Pero la fiscalía lo presentó como un misógino y alegó que su mujer había
caído por la ventana después de una discusión que se produjo porque
ella había amenazado con divorciarse tras las infidelidades de él. Eso
fue muy injusto, explica, porque “siempre me he considerado feminista.
Como la mayoría de los hombres, me siento atraído por las mujeres pero
me gustan las mujeres, algo que no le pasa a la mayoría de los hombres.
Prefieren ir a un bar y estar con los amigos.” Los que lo conocían
permanecieron fieles, pero Andre también perdió algunos amigos. “No
íntimos, pero los conocidos no querían hablar conmigo, me evitaban.”
Después las Guerrilla Girls, un grupo de activistas feministas del arte,
pegaron por toda la ciudad carteles de O. J. Simpson y André con la
leyenda “Buscado”. ¿Qué hace uno con algo así?
“Yo soy una persona
más bien flemática. Algo estoica. Lo aprendí de chico, cuando a veces
me hostigaban. Era un chico gordo. No deportista. El preferido de la
maestra y ese tipo de cosas, y a veces ligaba una. Y aprendí a no
devolver los golpes. Eso desconcertaba a la gente. Porque yo sólo decía:
‘No, no, no, yo no provoco’.” Me pregunto por qué no se mudó de
departamento, le digo. “Todos se lo preguntan –dice Andre–. Bueno, mire
lo que es la vista.” “A Carl no le gustan los cambios –dice Melissa– y
sinceramente creo que, si se hubiese mudado, habría sido visto como un
reconocimiento de su culpa.” “Yo no lo vi así –dice Andre–, sólo me
gusta vivir aquí.” Las notas de prensa sugerían que la familia de su
esposa estaba totalmente en contra de él en aquel momento. “En realidad,
no –dice–. Había una excepción: una gran disputa por quién se quedaría
con los restos de Ana. Y se decidió en los tribunales que la familia
tuviera sus restos y estuviera a cargo de los arreglos para el entierro.

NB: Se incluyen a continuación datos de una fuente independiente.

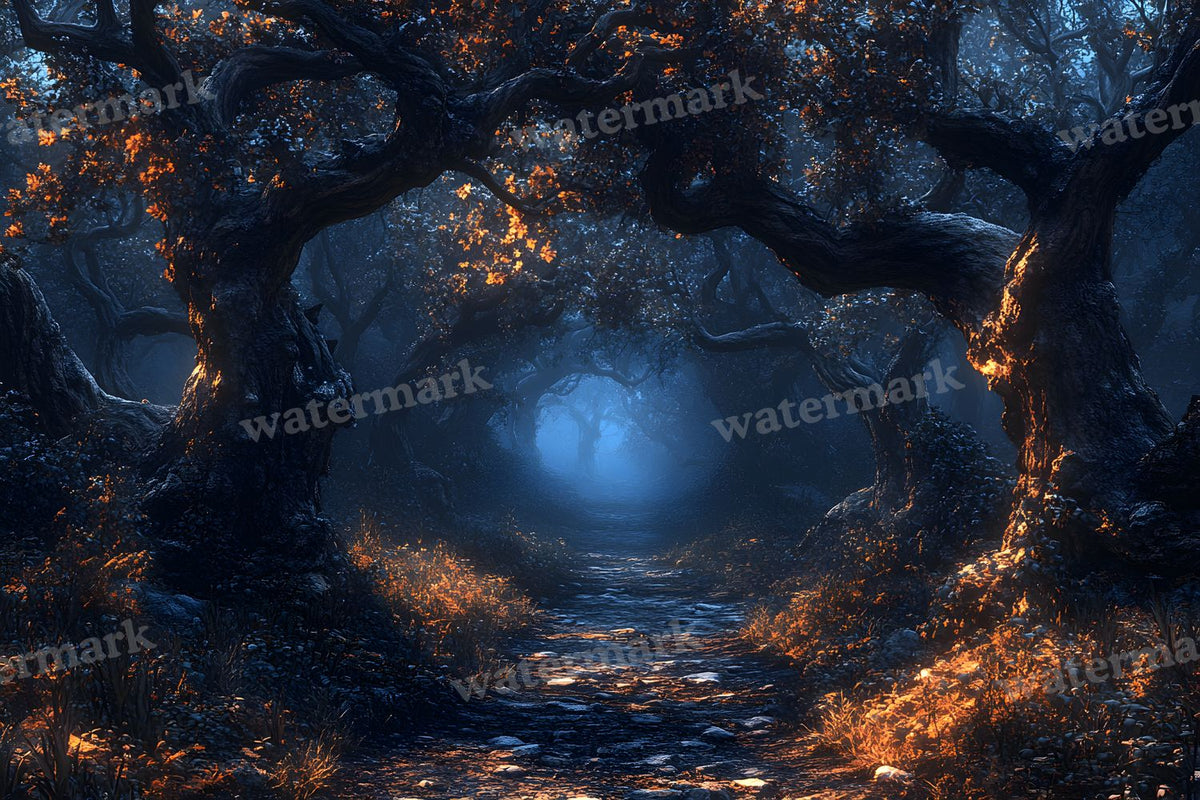 Spooky Forest digital photo backdrop for photo editing, preview 56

Yo firmé un documento donde renunciaba al patrimonio de Ana para que no
pensaran que me beneficiaba en algo con su muerte.” Con voz queda
añade: “Ana no tenía pelos en la lengua. Le decía a la gente lo que
pensaba, en el momento que lo pensaba, hasta el exceso”. Una buena
pareja para él, por lo tanto, dado que parece tan tranquilo.
“Bueno”.
Pausa. “Lamentablemente puedo ser vehemente e insoportable cuando estoy
muy borracho. Ana era peleadora por naturaleza. Y… oh”. Exhala un leve
suspiro. “Me dio una tunda más de una vez. Era todo un personaje.” ¿Se
preparó para la posibilidad de que lo hallaran culpable?, pregunto. “Yo…
¿Qué decir? Los presos están resignados a su destino. Siempre me atrajo
el taoísmo. La filosofía de los taoístas es que hay un camino verdadero
y nadie puede decirnos cuál es.” Conocer a Melissa en 1995 le cambió la
vida, dice. “No podía emborracharme todas las noches si estaba Melissa,
la persona que amo. Me di cuenta de que me avergonzaba a mí mismo y a
ella”.
Se miran uno al otro. “Cuando conocí a Melissa, no tardé
mucho en darme cuenta de que había encontrado mi lugar”, asegura.
Melissa sonríe. “Es un hombre inteligente”, acota.